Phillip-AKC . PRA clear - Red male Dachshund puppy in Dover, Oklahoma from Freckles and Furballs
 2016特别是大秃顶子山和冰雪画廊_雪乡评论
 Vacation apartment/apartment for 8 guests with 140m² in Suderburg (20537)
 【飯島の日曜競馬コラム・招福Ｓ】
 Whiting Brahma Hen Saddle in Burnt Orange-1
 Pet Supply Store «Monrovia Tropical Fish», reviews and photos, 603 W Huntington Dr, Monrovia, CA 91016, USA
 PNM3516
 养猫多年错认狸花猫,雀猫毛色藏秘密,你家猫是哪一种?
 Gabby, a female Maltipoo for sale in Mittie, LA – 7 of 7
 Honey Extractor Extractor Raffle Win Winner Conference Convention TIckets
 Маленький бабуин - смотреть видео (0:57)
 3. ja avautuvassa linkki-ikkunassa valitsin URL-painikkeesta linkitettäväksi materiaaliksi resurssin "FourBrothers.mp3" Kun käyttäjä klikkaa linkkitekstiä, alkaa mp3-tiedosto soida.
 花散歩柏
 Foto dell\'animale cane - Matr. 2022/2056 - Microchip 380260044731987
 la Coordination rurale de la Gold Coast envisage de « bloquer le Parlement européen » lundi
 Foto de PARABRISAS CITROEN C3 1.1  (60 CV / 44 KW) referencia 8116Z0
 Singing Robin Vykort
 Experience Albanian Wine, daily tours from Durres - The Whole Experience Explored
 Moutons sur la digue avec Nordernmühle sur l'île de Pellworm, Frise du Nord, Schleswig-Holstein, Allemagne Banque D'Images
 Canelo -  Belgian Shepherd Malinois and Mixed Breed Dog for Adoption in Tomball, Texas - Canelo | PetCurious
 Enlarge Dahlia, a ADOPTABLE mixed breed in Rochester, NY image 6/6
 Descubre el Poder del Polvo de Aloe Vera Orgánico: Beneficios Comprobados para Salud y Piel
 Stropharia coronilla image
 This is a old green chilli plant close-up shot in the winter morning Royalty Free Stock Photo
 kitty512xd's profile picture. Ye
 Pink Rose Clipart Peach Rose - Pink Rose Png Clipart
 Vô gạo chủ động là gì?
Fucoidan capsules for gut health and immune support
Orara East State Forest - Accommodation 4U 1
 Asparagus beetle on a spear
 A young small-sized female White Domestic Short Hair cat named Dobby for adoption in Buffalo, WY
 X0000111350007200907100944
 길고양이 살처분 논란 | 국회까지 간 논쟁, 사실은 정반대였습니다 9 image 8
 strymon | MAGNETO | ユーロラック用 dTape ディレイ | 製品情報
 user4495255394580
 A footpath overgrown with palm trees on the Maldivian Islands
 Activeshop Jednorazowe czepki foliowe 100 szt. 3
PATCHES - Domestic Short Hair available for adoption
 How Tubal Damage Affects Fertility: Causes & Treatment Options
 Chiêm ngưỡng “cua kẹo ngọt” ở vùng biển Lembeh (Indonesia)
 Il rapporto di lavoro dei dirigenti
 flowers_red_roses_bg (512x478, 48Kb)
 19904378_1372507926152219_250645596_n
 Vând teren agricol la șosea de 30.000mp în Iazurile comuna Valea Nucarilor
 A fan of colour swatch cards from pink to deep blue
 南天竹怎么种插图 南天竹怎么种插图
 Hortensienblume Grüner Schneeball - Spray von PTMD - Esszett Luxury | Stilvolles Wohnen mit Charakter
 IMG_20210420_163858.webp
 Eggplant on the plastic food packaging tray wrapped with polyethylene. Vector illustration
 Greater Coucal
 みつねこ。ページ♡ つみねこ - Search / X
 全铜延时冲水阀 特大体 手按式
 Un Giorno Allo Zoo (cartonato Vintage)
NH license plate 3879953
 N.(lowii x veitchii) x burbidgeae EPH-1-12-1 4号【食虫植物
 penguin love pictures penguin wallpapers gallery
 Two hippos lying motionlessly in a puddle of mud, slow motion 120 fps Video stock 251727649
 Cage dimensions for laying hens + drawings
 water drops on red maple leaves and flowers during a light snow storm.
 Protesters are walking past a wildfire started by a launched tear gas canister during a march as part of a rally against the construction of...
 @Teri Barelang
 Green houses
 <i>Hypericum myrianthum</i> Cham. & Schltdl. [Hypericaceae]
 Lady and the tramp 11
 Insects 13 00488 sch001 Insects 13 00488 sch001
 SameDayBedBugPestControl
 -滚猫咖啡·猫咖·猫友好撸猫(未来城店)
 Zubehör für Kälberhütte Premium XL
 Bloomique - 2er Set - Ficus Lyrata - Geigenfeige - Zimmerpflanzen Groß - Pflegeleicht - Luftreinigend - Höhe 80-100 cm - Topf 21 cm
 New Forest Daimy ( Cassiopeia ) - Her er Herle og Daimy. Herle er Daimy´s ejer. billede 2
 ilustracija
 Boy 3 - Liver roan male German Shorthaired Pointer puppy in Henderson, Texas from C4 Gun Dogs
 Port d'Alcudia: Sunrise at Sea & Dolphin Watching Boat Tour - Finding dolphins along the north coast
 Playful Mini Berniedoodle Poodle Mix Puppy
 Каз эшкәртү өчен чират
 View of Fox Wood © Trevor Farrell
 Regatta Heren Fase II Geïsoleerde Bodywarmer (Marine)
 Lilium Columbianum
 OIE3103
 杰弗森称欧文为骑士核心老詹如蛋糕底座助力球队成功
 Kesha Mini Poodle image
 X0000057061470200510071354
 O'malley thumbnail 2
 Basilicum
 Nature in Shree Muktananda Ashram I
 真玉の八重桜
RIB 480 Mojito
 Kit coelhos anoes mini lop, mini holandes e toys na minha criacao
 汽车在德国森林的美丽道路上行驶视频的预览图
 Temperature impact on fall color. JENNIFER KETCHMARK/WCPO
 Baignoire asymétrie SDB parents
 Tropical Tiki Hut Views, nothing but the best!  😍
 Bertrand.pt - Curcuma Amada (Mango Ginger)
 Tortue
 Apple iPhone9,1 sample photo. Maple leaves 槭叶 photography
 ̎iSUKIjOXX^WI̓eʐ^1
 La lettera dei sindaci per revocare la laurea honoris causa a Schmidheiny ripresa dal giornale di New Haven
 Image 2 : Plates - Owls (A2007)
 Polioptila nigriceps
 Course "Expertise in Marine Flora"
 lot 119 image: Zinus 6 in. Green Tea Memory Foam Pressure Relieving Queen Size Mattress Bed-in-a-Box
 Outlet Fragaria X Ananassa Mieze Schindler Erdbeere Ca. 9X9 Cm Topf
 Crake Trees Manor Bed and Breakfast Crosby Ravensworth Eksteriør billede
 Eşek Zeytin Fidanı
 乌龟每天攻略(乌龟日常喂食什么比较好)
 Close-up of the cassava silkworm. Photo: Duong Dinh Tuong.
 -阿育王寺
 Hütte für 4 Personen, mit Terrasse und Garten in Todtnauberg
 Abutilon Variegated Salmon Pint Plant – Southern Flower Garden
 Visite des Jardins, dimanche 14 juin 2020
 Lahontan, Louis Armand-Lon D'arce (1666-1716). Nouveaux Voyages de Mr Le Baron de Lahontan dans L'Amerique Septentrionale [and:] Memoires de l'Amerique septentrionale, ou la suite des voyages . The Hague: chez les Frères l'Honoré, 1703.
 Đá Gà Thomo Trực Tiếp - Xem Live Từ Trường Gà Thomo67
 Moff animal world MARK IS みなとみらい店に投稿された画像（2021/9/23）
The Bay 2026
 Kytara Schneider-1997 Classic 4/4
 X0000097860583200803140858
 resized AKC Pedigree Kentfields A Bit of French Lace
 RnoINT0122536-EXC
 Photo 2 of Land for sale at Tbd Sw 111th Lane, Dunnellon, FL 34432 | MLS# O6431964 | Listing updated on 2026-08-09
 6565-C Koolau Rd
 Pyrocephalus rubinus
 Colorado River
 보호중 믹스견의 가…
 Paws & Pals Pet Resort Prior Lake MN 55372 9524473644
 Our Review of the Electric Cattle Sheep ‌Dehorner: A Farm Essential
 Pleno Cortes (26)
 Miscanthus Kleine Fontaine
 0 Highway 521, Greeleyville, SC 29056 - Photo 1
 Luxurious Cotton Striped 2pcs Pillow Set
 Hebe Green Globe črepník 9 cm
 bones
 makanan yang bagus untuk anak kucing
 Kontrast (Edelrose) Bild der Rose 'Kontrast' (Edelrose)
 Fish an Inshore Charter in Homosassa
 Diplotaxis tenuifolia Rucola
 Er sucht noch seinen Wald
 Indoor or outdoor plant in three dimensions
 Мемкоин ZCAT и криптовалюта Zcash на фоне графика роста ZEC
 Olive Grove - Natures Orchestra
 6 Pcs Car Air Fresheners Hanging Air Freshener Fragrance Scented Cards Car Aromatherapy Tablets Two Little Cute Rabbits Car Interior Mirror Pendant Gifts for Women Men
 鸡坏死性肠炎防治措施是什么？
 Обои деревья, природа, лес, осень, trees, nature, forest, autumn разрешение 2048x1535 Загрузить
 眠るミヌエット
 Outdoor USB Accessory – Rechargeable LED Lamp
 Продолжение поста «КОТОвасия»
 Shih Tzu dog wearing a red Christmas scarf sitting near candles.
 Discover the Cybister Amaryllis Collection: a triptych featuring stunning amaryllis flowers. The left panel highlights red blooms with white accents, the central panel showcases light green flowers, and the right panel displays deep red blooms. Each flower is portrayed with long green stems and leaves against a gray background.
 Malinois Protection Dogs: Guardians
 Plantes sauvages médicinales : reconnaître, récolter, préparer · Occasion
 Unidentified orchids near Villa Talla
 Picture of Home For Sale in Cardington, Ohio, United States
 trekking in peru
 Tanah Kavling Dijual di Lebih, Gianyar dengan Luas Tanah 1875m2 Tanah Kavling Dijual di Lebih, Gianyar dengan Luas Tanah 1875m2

━━━━━━━━━━

• Work request: Taking the lines above, repeat exactly those from the line that contains "Fucoidan capsules for" through the line that contains "How Tubal Damage", and both of those lines as well. Include nothing else.

• Response:
Fucoidan capsules for gut health and immune support
Orara East State Forest - Accommodation 4U 1
 Asparagus beetle on a spear
 A young small-sized female White Domestic Short Hair cat named Dobby for adoption in Buffalo, WY
 X0000111350007200907100944
 길고양이 살처분 논란 | 국회까지 간 논쟁, 사실은 정반대였습니다 9 image 8
 strymon | MAGNETO | ユーロラック用 dTape ディレイ | 製品情報
 user4495255394580
 A footpath overgrown with palm trees on the Maldivian Islands
 Activeshop Jednorazowe czepki foliowe 100 szt. 3
PATCHES - Domestic Short Hair available for adoption
 How Tubal Damage Affects Fertility: Causes & Treatment Options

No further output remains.